Provided material ▸
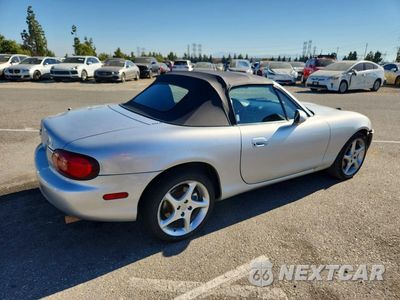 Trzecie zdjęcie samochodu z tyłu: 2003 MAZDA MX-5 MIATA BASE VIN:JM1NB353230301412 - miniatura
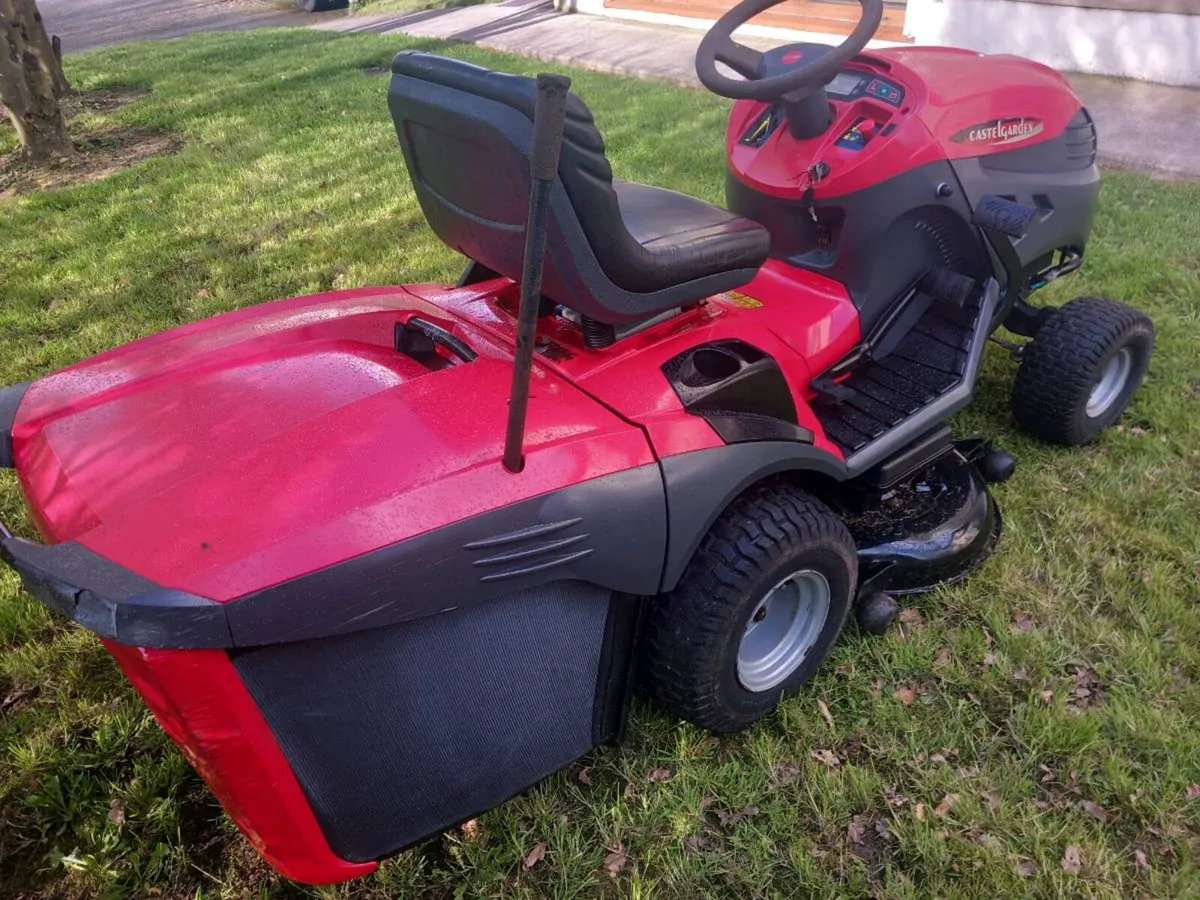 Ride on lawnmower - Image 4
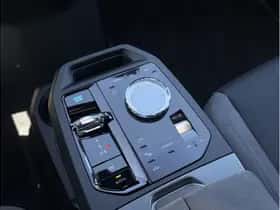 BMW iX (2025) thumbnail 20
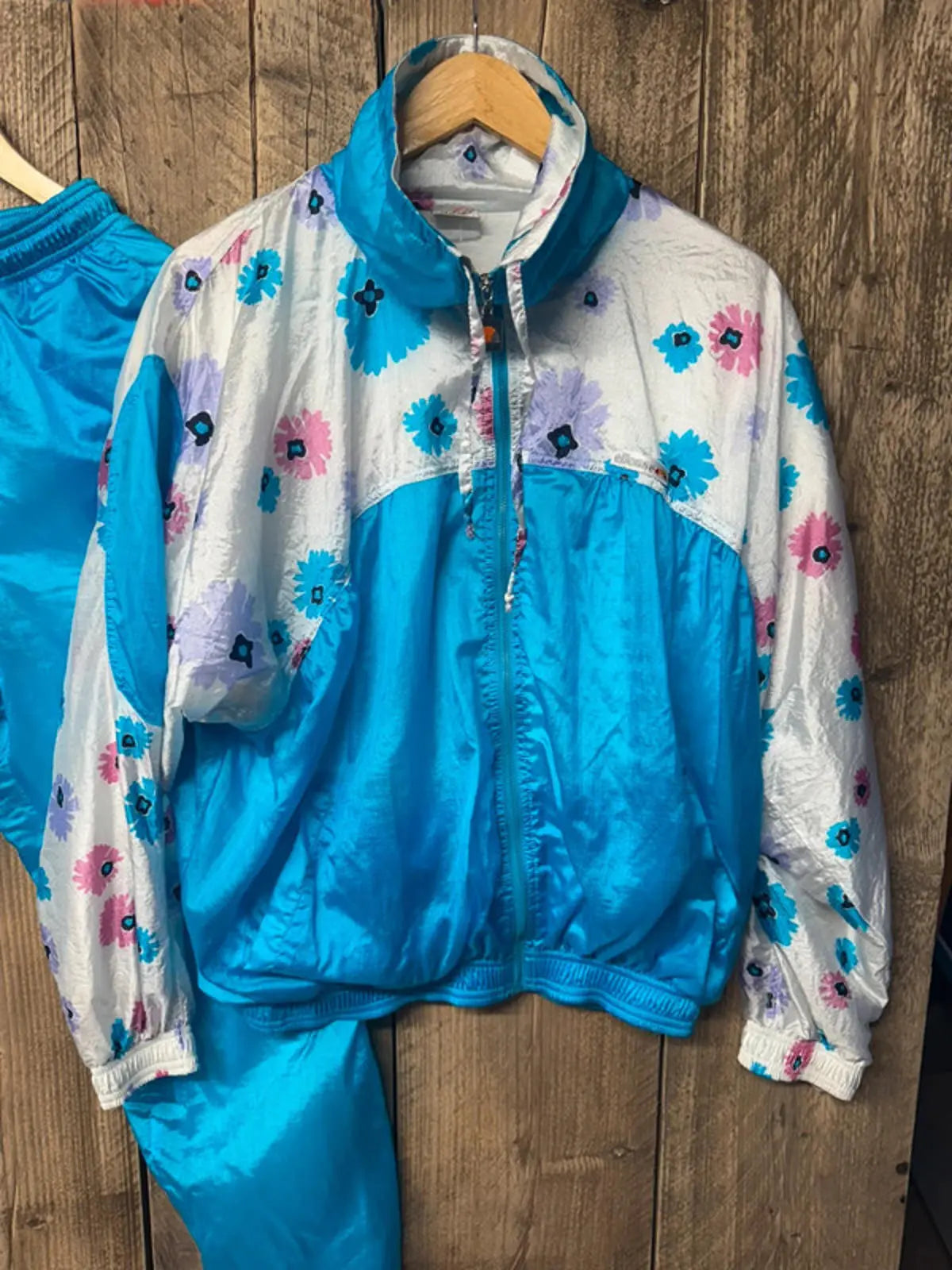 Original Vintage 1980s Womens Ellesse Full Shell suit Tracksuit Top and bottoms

Work instruction ▸ Omit the pictures and print the listing exactly.

Answer box ▸
 Trzecie zdjęcie samochodu z tyłu: 2003 MAZDA MX-5 MIATA BASE VIN:JM1NB353230301412 - miniatura
 Ride on lawnmower - Image 4
 BMW iX (2025) thumbnail 20
 Original Vintage 1980s Womens Ellesse Full Shell suit Tracksuit Top and bottoms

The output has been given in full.